#### THE PROBLEM:
A faithful copy of every entry, with the pictures removed, is what is needed here.

** DATA SHOWN follows **

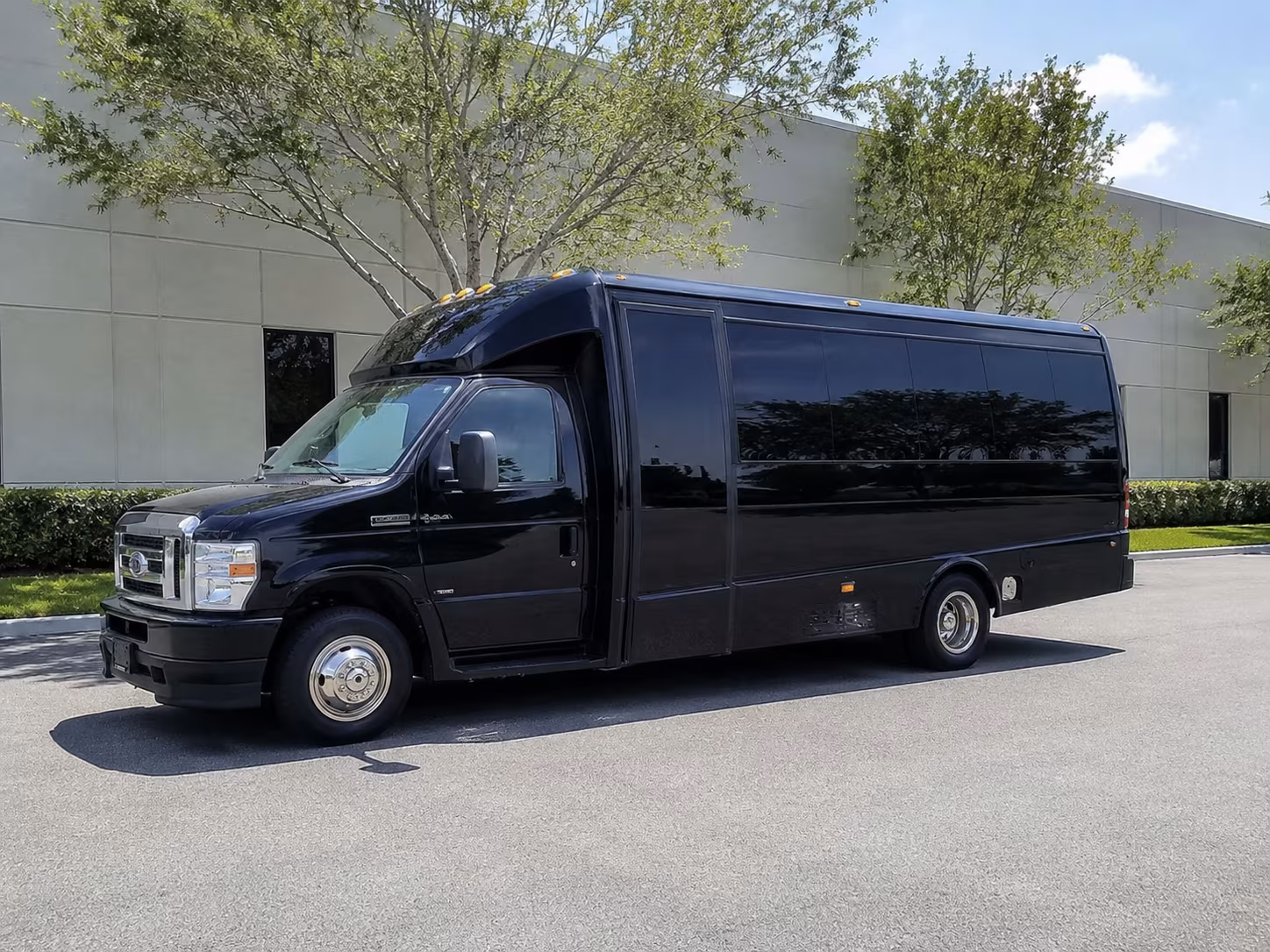 charter buses to greensboro coliseum and triad area concert venues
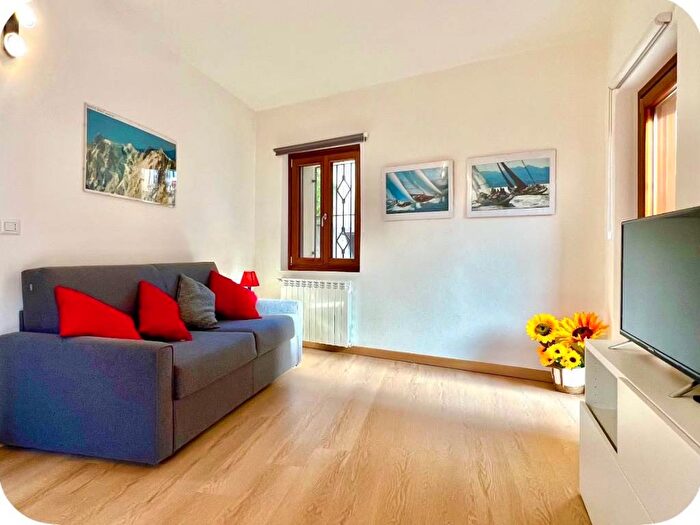 Appartamento monolocale in affitto in Via Castelfidardo, Suna, Verbania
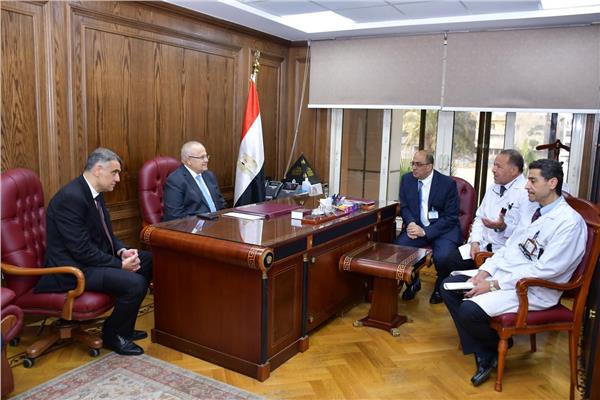 جامعة القاهرة تواصل تنفيذ أكبر مشروعات لتطوير مستشفياتها: 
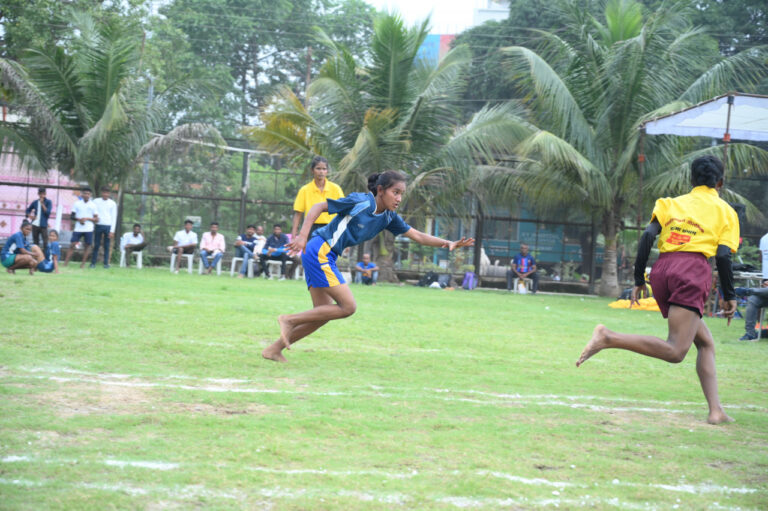 छत्तीसगढ़िया ओलंपिक का आगाज हो गया रोमांच से भरपूर छत्तीसगढ़ी संस्कृति में रची-बसी पारंपरिक खेलों की इस प्रतियोगिता में खिलाड़ी एक-दूसरे से पूरी जोर आजमाईश करते हुए नजर आए।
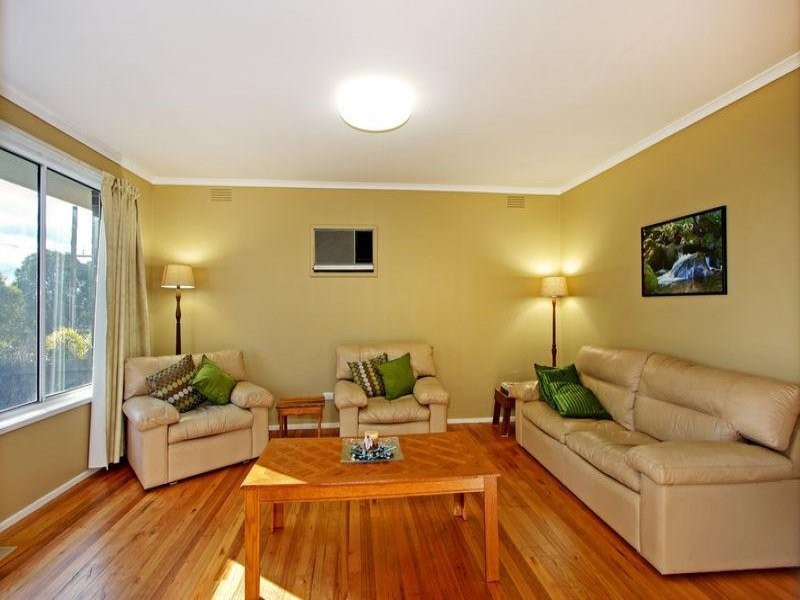 18 Belchester Avenue, Coldstream VIC 3770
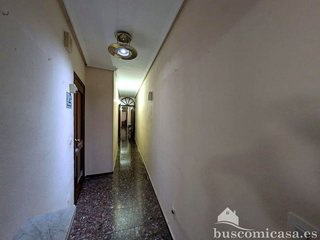 Piso en venta en Linares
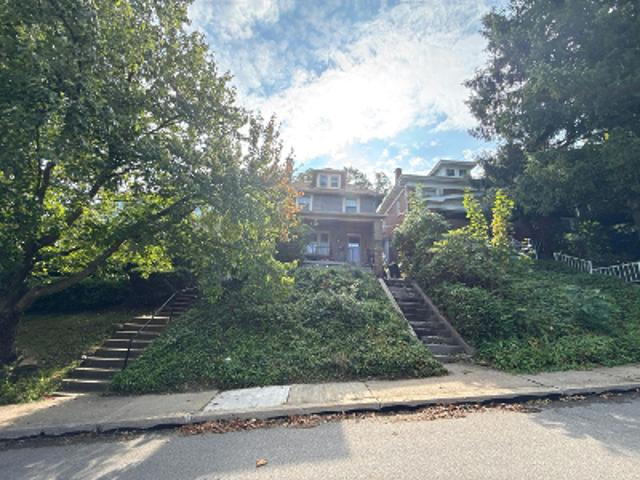 Lavina Ave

** End of DATA SHOWN **

#### WRITTEN ANSWER:
 charter buses to greensboro coliseum and triad area concert venues
 Appartamento monolocale in affitto in Via Castelfidardo, Suna, Verbania
 جامعة القاهرة تواصل تنفيذ أكبر مشروعات لتطوير مستشفياتها: 
 छत्तीसगढ़िया ओलंपिक का आगाज हो गया रोमांच से भरपूर छत्तीसगढ़ी संस्कृति में रची-बसी पारंपरिक खेलों की इस प्रतियोगिता में खिलाड़ी एक-दूसरे से पूरी जोर आजमाईश करते हुए नजर आए।
 18 Belchester Avenue, Coldstream VIC 3770
 Piso en venta en Linares
 Lavina Ave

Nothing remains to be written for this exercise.